Drama penangkapan terhadap MSAT, tersangka dugaan pencabulan terhadap beberapa santriwati di Pondok Pesantren (Ponpes) Shiddiqiyyah di Jombang, Jawa Timur akhirnya berakhir.
Untuk menangkap satu orang tersangka saja, aparat kepolisian membutuhkan waktu 17 jam dan harus mengerahkan ratusan aparat kepolisian serta belasan truk.
Dalam peristiwa malam itu, seorang polisi terluka dan 320 orang diamankan karena berusaha menghalangi penangkapan terhadap tersangka yang juga putra pemimpin ponpes tersebut.
Penangkapan tersebut terpaksa dilakukan oleh aparat kepolisian karena MSAT menolak pemanggilan polisi untuk diperiksa, bahkan melakukan perlawanan dengan mengerahkan santri dan simpatisannya.
Bahkan ketika kepolisian mencoba membujuk keluarga agar menyerahkan tersangka, pimpinan ponpes itu Kiai Muhammad Mukthar Mukhti tetap menolak dan menyuruh aparat kepolisian untuk pergi dengan alasan tuduhan terhadap putra kesayangannya itu hanyalah fitnah.
Penolakan sang kiai itulah yang membuat para santri dan simpatisannya nekat melakukan perlawanan terhadap aparat kepolisian.
Tersangka sudah diamankan dan kasus dugaan pencabulan tersebut sudah ditangani oleh pihak Kepolisian dan Kejaksaan, biarlah nanti pengadilan yang membuktikan apakah tersangka bersalah atau tidak.

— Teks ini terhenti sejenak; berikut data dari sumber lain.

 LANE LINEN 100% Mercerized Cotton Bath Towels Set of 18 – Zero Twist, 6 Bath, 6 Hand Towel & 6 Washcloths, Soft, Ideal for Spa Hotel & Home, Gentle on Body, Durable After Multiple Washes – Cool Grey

Hal yang memprihatinkan adalah sikap para santri dan simpatisan di ponpes itu yang rela menjadi martir melawan aparat kepolisian demi melindungi tersangka dari penangkapan.
Sikap berlebihan dari para santri dan simpatisan tersebut tidak bisa dilepaskan dari budaya kultus individu yang begitu kental di Indonesia, bukan hanya di pesantren, namun juga di sebagian umat Islam dan kalangan masyarakat.
Akibat dari kentalnya kultus individu tersebut, biasanya para santri atau jamaah akan sangat loyal dan taqlid kepada kiai atau ulamanya.